*** INPUT Section Begins ***

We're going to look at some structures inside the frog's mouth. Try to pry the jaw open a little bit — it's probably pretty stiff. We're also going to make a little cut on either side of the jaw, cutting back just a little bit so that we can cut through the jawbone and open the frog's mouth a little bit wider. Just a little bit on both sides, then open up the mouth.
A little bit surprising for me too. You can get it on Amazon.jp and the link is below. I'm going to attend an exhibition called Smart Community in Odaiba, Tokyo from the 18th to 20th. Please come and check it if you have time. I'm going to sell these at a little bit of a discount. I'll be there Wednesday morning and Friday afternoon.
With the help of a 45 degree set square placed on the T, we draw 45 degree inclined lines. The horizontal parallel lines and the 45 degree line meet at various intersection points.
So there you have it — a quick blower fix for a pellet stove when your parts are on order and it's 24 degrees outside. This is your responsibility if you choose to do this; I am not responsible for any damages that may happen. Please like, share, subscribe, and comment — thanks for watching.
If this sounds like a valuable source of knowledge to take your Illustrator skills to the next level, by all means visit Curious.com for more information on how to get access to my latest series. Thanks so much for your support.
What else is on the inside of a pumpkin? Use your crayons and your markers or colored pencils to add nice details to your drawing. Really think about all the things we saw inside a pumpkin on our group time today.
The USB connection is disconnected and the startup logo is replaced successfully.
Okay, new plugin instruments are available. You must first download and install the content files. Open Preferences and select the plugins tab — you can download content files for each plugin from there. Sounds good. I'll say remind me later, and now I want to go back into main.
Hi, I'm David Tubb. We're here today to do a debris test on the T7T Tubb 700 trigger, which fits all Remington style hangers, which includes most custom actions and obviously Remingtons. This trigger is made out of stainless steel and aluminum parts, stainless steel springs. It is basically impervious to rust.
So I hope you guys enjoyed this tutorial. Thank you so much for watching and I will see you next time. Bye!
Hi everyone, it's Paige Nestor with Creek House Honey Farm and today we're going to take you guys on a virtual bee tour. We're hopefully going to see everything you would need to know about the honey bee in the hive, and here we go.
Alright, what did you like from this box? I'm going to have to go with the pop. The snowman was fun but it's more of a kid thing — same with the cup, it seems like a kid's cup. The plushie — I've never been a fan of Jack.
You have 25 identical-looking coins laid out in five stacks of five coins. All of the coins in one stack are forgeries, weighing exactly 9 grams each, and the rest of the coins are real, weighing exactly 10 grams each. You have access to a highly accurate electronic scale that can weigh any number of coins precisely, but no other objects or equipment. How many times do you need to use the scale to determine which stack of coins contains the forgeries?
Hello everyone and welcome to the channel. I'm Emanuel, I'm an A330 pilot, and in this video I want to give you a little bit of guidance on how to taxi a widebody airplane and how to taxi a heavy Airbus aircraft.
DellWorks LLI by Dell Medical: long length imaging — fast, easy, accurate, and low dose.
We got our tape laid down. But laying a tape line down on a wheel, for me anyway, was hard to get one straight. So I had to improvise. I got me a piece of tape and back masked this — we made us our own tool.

*** INPUT Section Ends ***

> PROBLEM STATEMENT: Copy out every line above where "much" is present.

> ANSWER SPACE:
If this sounds like a valuable source of knowledge to take your Illustrator skills to the next level, by all means visit Curious.com for more information on how to get access to my latest series. Thanks so much for your support.
So I hope you guys enjoyed this tutorial. Thank you so much for watching and I will see you next time. Bye!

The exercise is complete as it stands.